• _Study material_
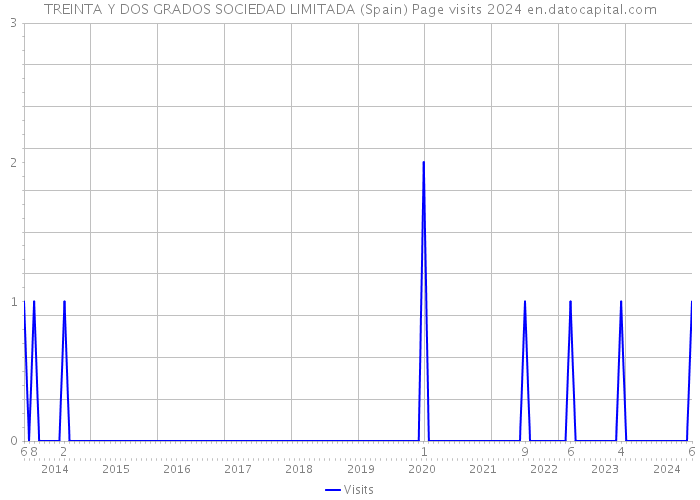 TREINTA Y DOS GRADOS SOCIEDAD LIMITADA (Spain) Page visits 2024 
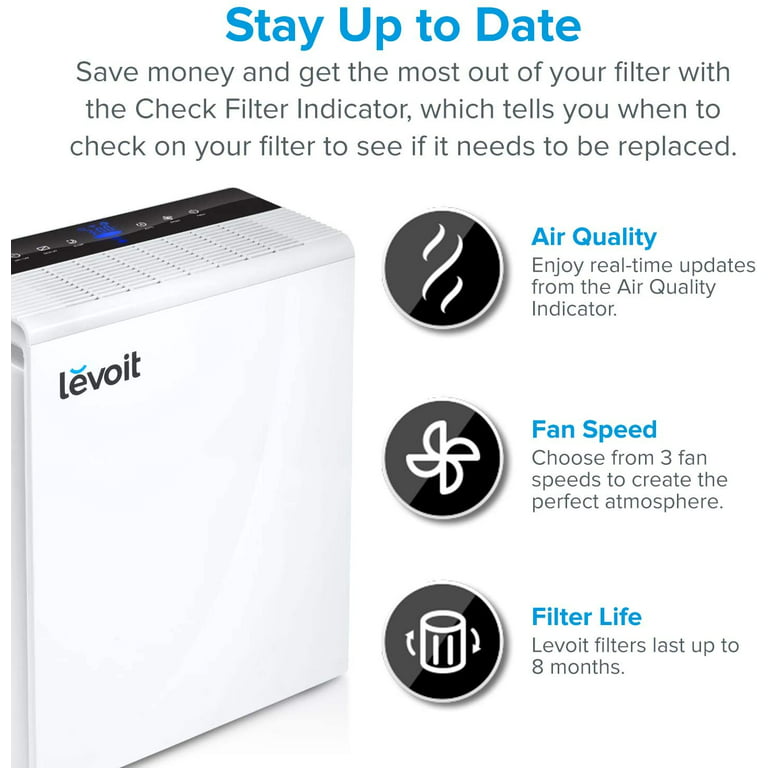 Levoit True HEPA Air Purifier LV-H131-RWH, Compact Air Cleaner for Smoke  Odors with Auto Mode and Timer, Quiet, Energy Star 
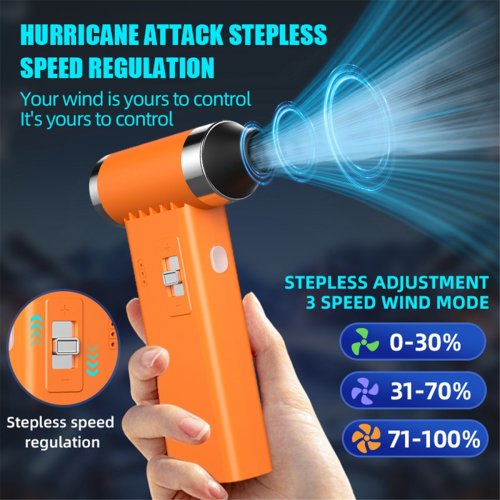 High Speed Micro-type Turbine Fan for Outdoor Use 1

--

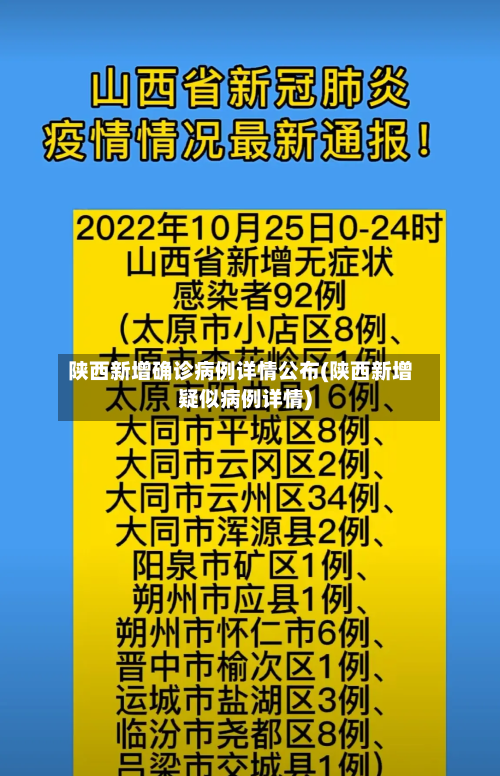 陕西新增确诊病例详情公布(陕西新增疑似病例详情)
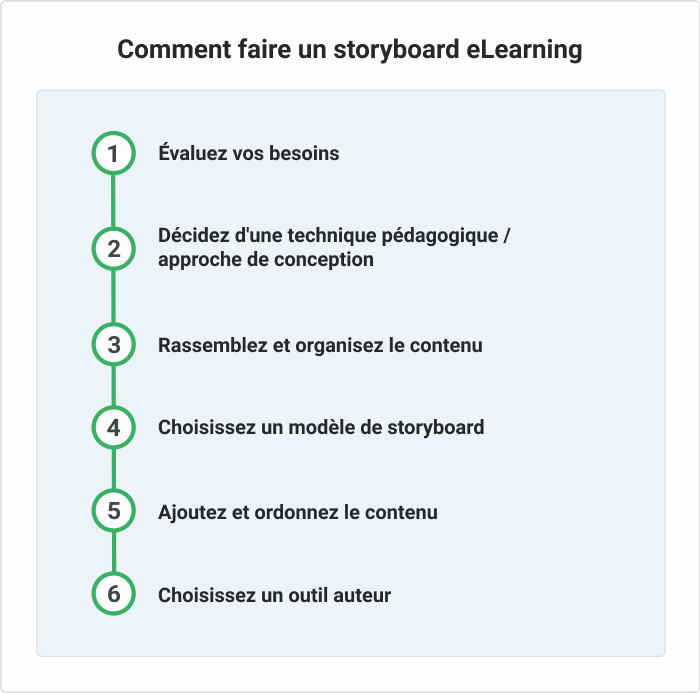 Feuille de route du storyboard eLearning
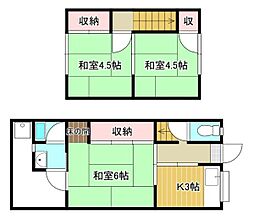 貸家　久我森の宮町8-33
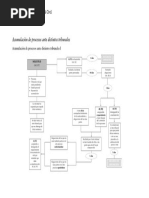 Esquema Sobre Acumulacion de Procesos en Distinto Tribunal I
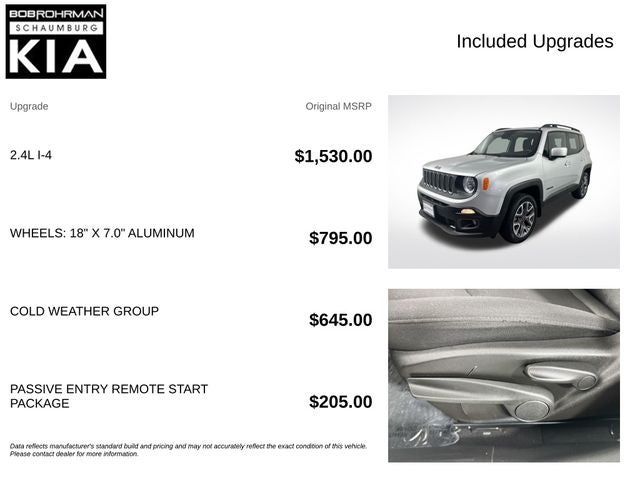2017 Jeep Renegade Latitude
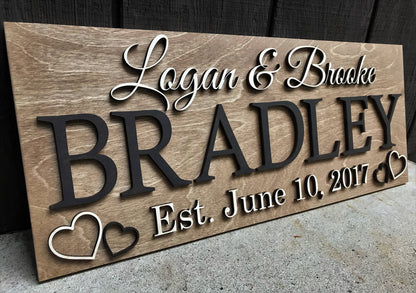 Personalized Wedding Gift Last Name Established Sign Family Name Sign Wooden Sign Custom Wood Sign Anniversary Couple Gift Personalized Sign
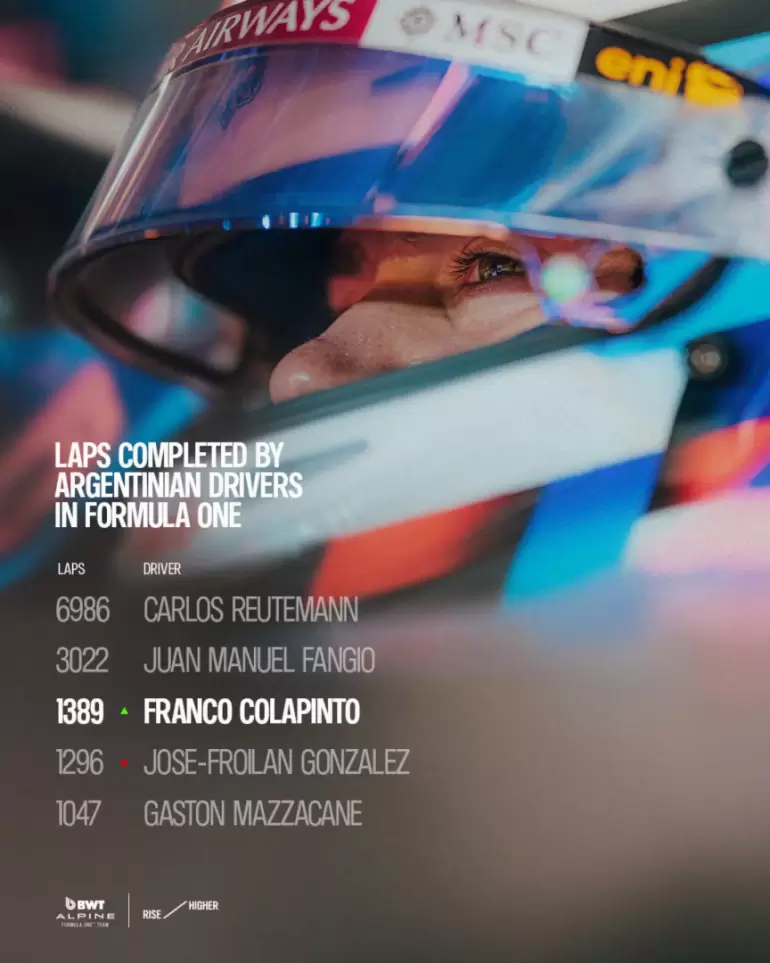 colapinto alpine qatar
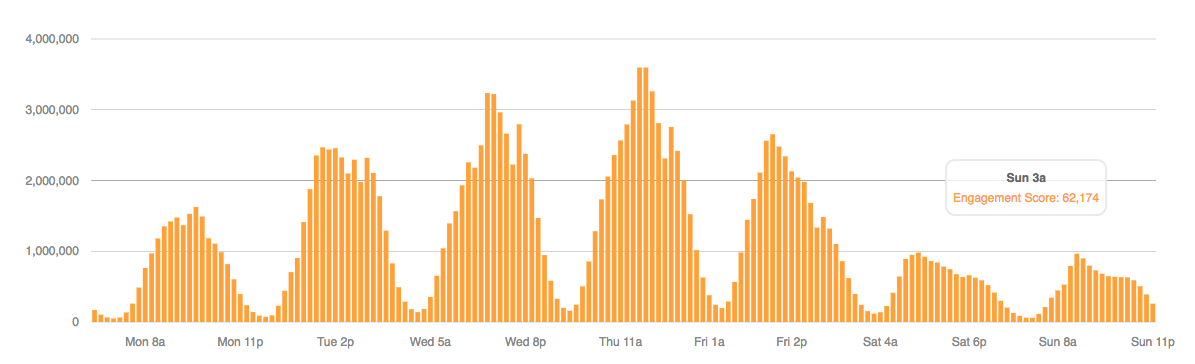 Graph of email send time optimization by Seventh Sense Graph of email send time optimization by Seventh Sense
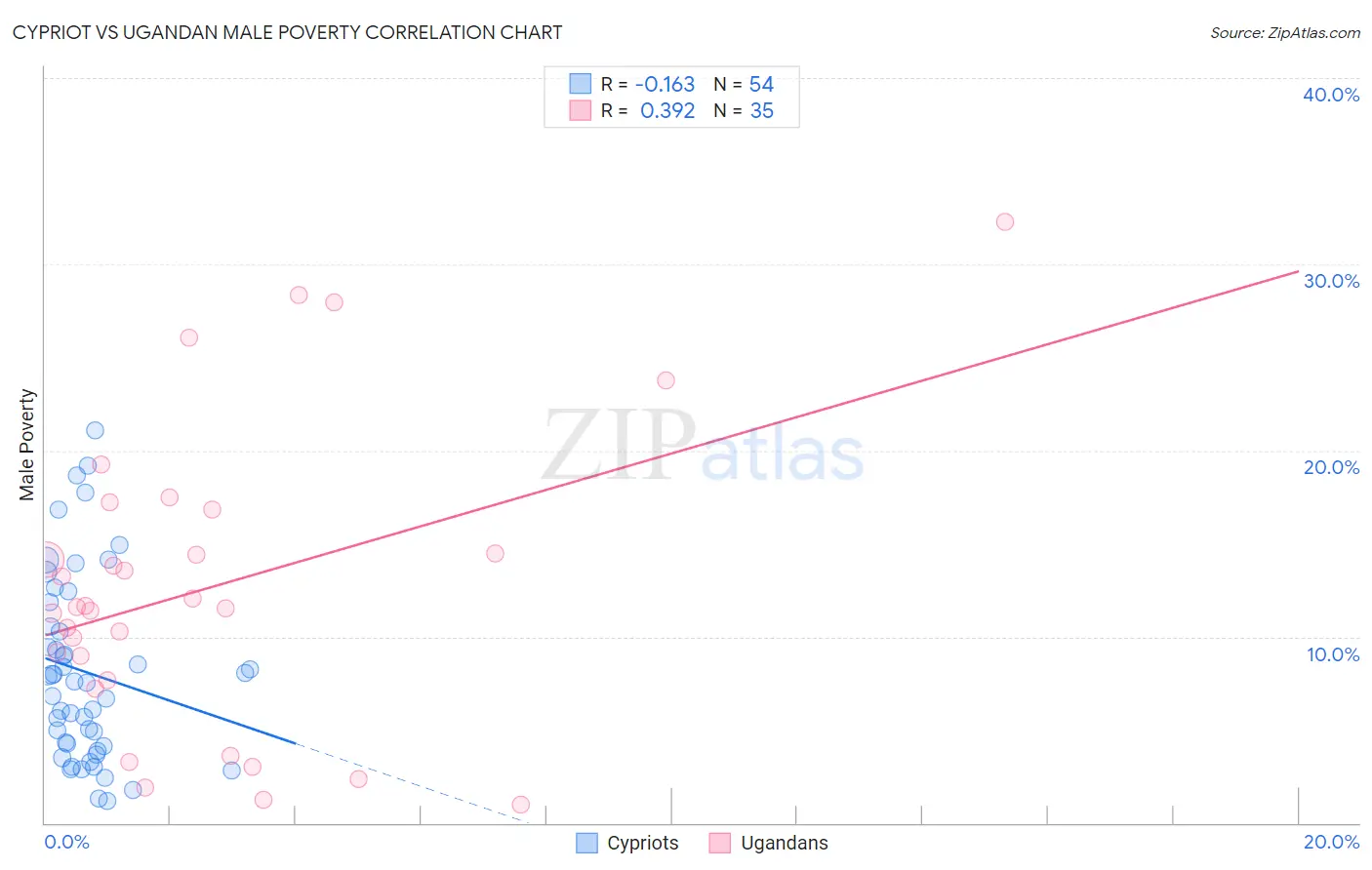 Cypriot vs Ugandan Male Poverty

• _Your assignment_
Out of the records above, return only the lines from the one with "TREINTA Y DOS" through the one with "High Speed Micro-type", exactly, and none of the pictures.

• _Output of the task_
 TREINTA Y DOS GRADOS SOCIEDAD LIMITADA (Spain) Page visits 2024 
 Levoit True HEPA Air Purifier LV-H131-RWH, Compact Air Cleaner for Smoke  Odors with Auto Mode and Timer, Quiet, Energy Star 
 High Speed Micro-type Turbine Fan for Outdoor Use 1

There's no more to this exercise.